Your instructions: Copy nothing but the lines below running from the line containing "کرم ضد جوش و" through the line containing "servizo assistenza radio", both end lines included.

Provided data:
[Start of section]

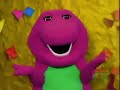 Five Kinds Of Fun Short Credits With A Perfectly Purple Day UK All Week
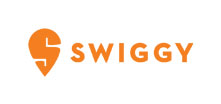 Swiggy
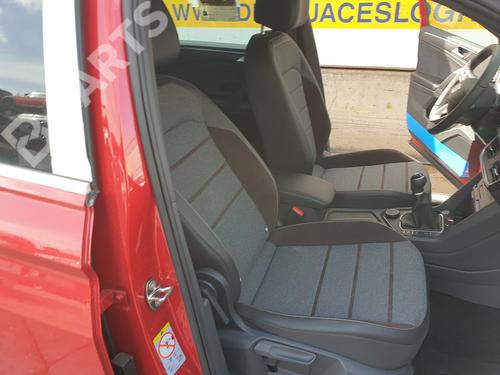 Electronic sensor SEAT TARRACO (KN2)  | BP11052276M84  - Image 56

[End of section]
[Start of section]

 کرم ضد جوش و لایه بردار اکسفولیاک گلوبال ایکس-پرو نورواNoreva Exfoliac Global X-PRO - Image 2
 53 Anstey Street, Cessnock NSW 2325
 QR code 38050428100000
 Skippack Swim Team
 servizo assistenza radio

[End of section]

Task output:
 کرم ضد جوش و لایه بردار اکسفولیاک گلوبال ایکس-پرو نورواNoreva Exfoliac Global X-PRO - Image 2
 53 Anstey Street, Cessnock NSW 2325
 QR code 38050428100000
 Skippack Swim Team
 servizo assistenza radio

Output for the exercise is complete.